Daily Paper

Circuit Breakers: Removing Model Behaviors with Representation Engineering

Surgical removal of harmful behaviors by identifying and nullifying their underlying representations

arXiv:2406.04313 Empirical Study

Andy Zou, Andrew Wang, Zifan Carl Zhao, Long Phan et al.

model-editingbehavior-removalrepresentation-engineeringsafety-interventioninterpretability

Circuit Breakers: Surgical Behavior Removal

Building on Representation Engineering, Circuit Breakers proposes methods to identify the circuits (network subgraphs) responsible for specific behaviors and remove them. Instead of RLHF retraining, Circuit Breakers edits representations to “break” harmful behavior at inference time.

Method

  1. Circuit identification: Trace activations during harmful outputs to identify which layers and neurons activate strongly
  2. Representation ablation: Nullify activations in the identified circuit during inference
  3. Behavior verification: Test that the harmful behavior is eliminated while preserving helpful behaviors

Key Findings

  • Harmful behaviors (e.g., lying, refusing benign requests) are localized to specific circuits
  • Removing these circuits eliminates the behavior in most cases (~80-90% success)
  • Removal sometimes improves other capabilities (e.g., removing the “refuse helpfully” behavior improves instruction-following)
  • The approach is model-specific; circuits don’t transfer across architectures

Embodied AI Connection

For deployed embodied systems, Circuit Breakers offers a novel safety intervention: identify failure-mode circuits and remove them without full retraining.
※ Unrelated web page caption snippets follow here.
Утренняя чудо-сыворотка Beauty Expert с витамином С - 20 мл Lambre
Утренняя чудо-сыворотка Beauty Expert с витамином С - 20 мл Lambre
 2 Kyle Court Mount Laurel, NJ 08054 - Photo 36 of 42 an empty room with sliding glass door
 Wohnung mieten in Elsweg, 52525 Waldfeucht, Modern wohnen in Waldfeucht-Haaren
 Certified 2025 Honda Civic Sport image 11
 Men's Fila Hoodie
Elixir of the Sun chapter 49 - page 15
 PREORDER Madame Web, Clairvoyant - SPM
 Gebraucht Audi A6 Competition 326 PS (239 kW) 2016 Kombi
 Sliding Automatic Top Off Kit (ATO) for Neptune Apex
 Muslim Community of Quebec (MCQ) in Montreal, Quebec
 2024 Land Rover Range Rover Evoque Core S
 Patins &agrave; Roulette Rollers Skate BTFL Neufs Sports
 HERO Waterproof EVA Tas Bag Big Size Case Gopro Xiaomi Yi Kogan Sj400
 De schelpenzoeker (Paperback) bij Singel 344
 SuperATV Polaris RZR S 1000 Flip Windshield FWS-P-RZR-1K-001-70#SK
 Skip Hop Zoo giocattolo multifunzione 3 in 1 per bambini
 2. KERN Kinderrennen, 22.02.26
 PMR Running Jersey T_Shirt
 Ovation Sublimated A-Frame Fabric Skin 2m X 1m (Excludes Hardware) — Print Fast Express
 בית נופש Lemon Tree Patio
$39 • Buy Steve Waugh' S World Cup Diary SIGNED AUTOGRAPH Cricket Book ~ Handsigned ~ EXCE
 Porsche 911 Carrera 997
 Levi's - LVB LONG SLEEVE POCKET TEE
A robot deployed with an undesired safety behavior (e.g., refusing useful tasks due to false positive harm detection) could have that circuit surgically removed in the field. This is faster and cheaper than retraining.

However, F41LUR3-F1R57 research shows that removing individual behaviors often creates unexpected side effects. Removing a “refuse” circuit might eliminate both harmful refusals and safety-critical refusals.

Limitations

  • Circuit identification requires access to model internals (weights, activations)
  • Removal affects multiple behaviors simultaneously; precise surgical removal is difficult
  • Long-term effects on model robustness and generalization are unknown
  • Adversarial attacks might exploit the removed circuits

Contrast with Sleeper Agents

While Sleeper Agents demonstrates that models can hide behaviors, Circuit Breakers shows we can find and remove them. The two papers together suggest a cat-and-mouse game: improving interpretability makes deception detection possible, which incentivizes better deception.

Research Impact

Circuit Breakers demonstrated that mechanistic transparency is actionable—we can use understanding of model internals to improve safety and correct harmful behaviors.